How does One Transfer Real Estate into a Trust?
The nature of life itself is such that there are things that can make your brain hurt.
Take the example of a Japanese puzzle box. These tiny boxes made of pliable wood, worked to perfection, are beautiful to look at. However, in order to get to the inside, there is a specific and incredibly intricate puzzle involved.
There are panels to slide, clicks to be heard, and small buttons to be pressed. Miss one step in the order and you’ll have to start over.
Similarly, estate planning in Staten Island can be complicated in the beginning. You assume that signing the papers for a trust is enough for protecting your estate. Once you consult with an estate planning lawyer in Staten Island, you’ll realize there is more to it.
Having the papers proving your estate plan is just that: papers. Albeit, they are expensive papers, but they hold no true value.
So how do you add value to a trust?
The answer is in funding the trust. You fund the trust with whatever estate you have been able to accumulate over the course of your life. Real estate or real property is one of the assets you fund your trust with.
Transferring Property into a Trust
Generally, assets that can be described by an estate planning lawyer in Staten Island can be transferred into the trust. No, this doesn’t refer to the physical description of the property but the legal one.
Most people opt for a revocable trust or a living trust. This allows the creator of the trust to set the terms and remain the trustee to oversee the management of the assets. In New York, this involves creating a deed and then transferring the ownership interest in the trust’s name.
Here are is a simplified explanation of the steps involved in funding a trust with real estate.

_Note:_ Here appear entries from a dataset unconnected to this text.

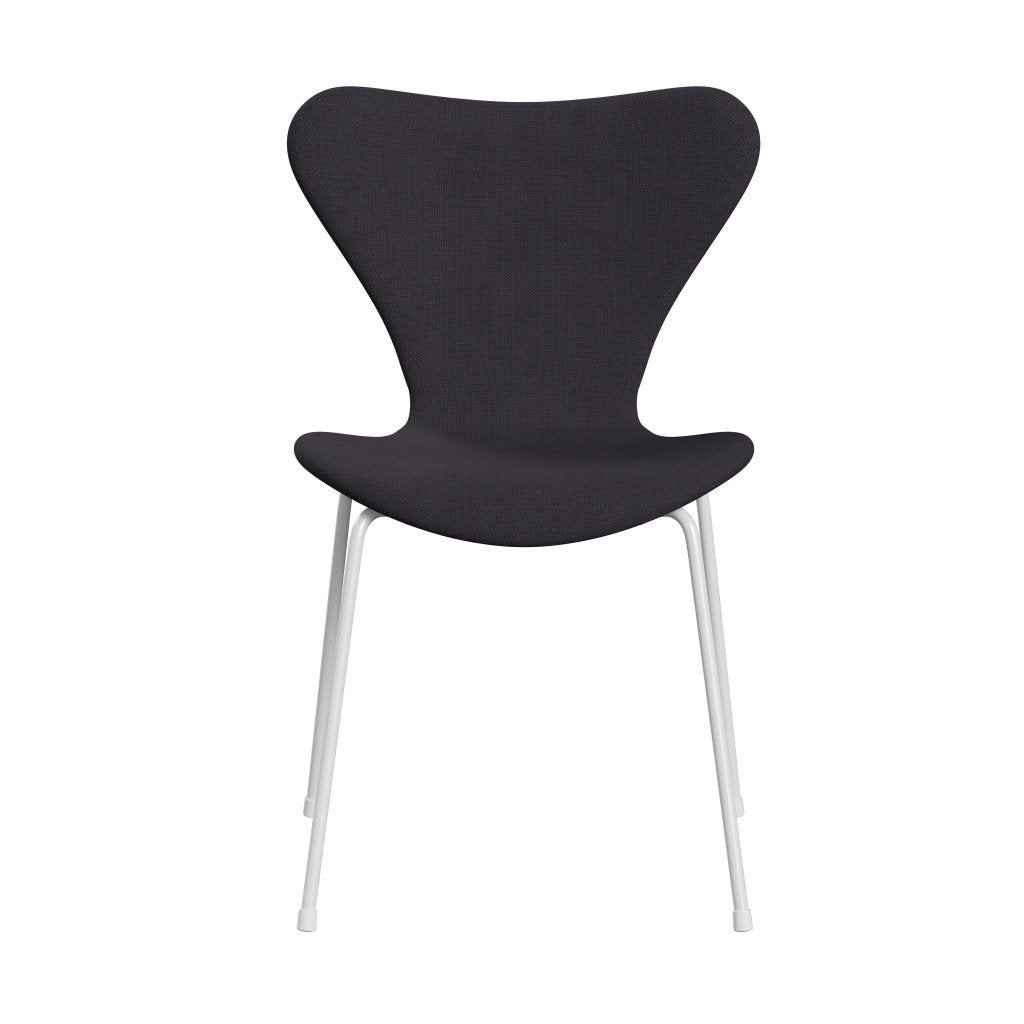 Fritz Hansen 3107 chaise complète complète, blanc / steelcut trio chaud bleu foncé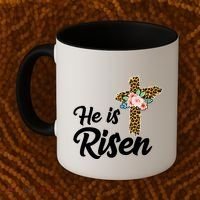 He Is Risen Jesus Christ Easter Cross Coffee Mug thumb 2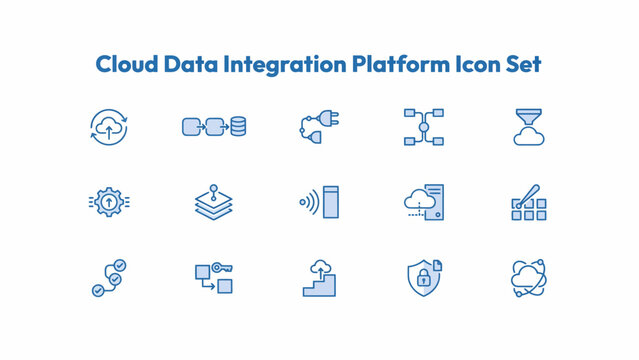 Cloud data integration platform icon set a collection of flat blue line icons on white computing set art design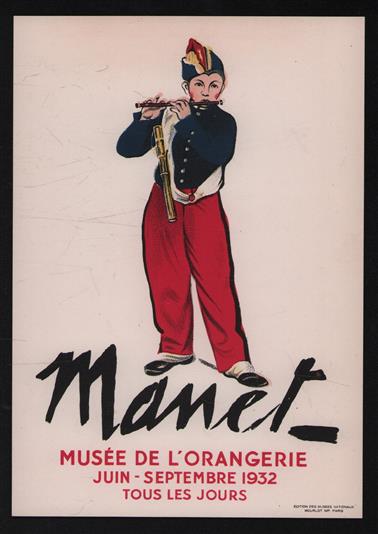 (POSTER - AFFICHE) Manet - Musee de L orangerie Juin - September 1932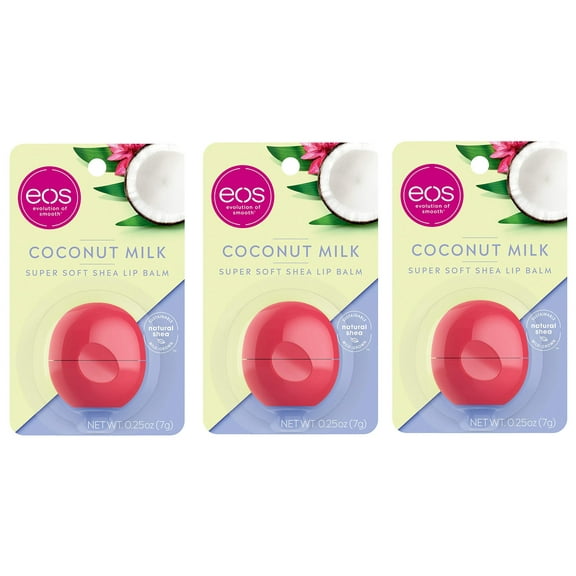 eos Evolution of Smooth Visibly Soft Lip Balm Sphere Coconut Milk, 0.25 oz, 3 Pack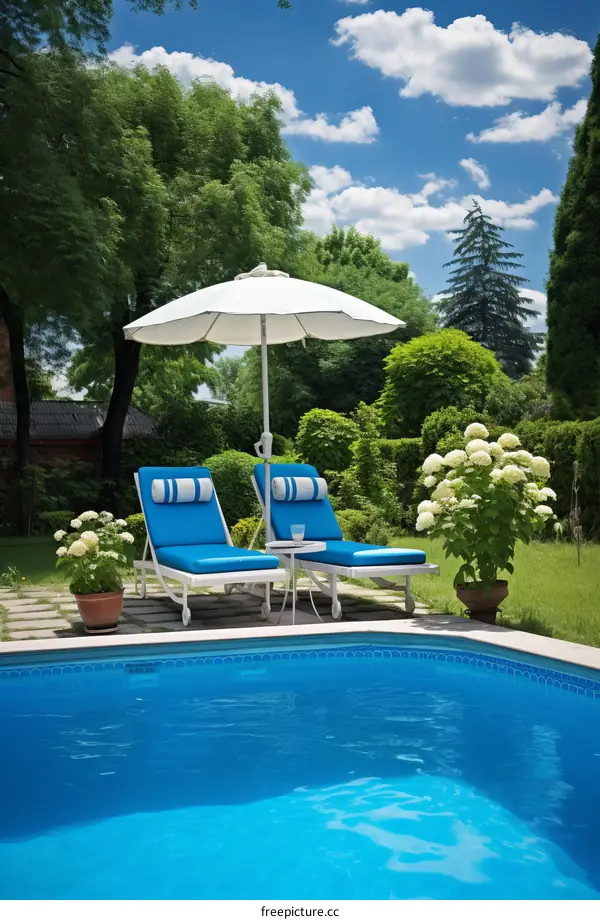 Two chaise lounges sit by a swimming pool on a sunny day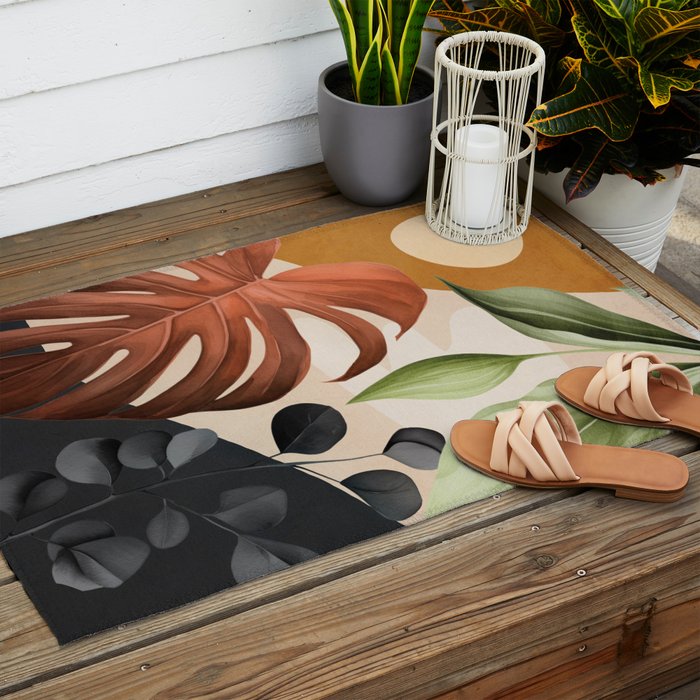 Abstract Tropical Art 20 Outdoor Rug Gallery Image 2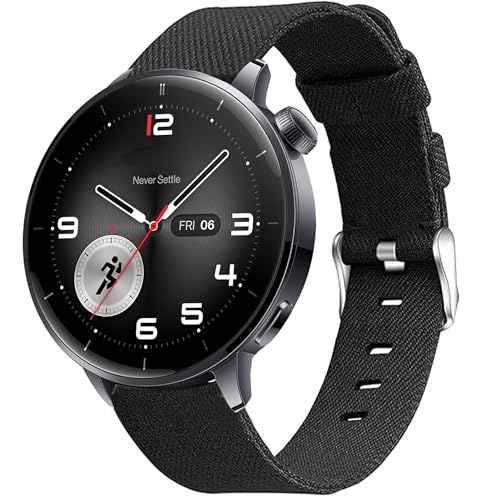 OnePlus Watch 3�p�o���h�A18mm�A22mm�ʋC���i�C�����D�z�����p�A�N�Z�T���[�X�g���b�v OnePlus Watch 3�A2 46mm / 2R / 1 / 43mm�X�}�[�g�E�H�b�`�ɑΉ� (�u���b�N�A22mm�T�C�Y�̃o���h)�B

- Partner up with an estate planning lawyer in Staten Island – Before you go on getting quitclaim forms, talk to an attorney. Estate planning in Staten Island shouldn’t really be done DIY style. We’ve made a case against it. Even if you think the transfer is simple, an attorney would be able to make the transfer more effective.
- Legal descriptions – This is the part where you provide a deed with the legal descriptions. It should clearly give you the title of the real estate. Missing deeds, split ownership, partial selling or the property, etc., will impact the transfer. Your estate planning lawyer in Staten Island will ensure you possess the right legal description. If that is incorrect, the transfer cannot go through and you may need to take a few more measures to ensure the trust does not go into probate.
- Mortgages – If the real estate has not been paid off, the debt has to go with the property while you are estate planning in Staten Island. However, this can be avoided if you pay it and taxes off with the assets that are mentioned in the trust before the property is transferred out of it. If, on the other hand, the debt remains with the property, the owner should talk to the mortgage holder to discuss refinancing options.
- Put a signature on it – The grantor and trustee’s signatures are crucial in transfers. Make sure you sign the deed and related property transfer forms (such as RP-5217) in front of your estate planning lawyer in Staten Island or a notary.
- Recording the deed – After signing the deed and relevant forms, record the transfer. In New York, a recording fee is charged at the country clerk.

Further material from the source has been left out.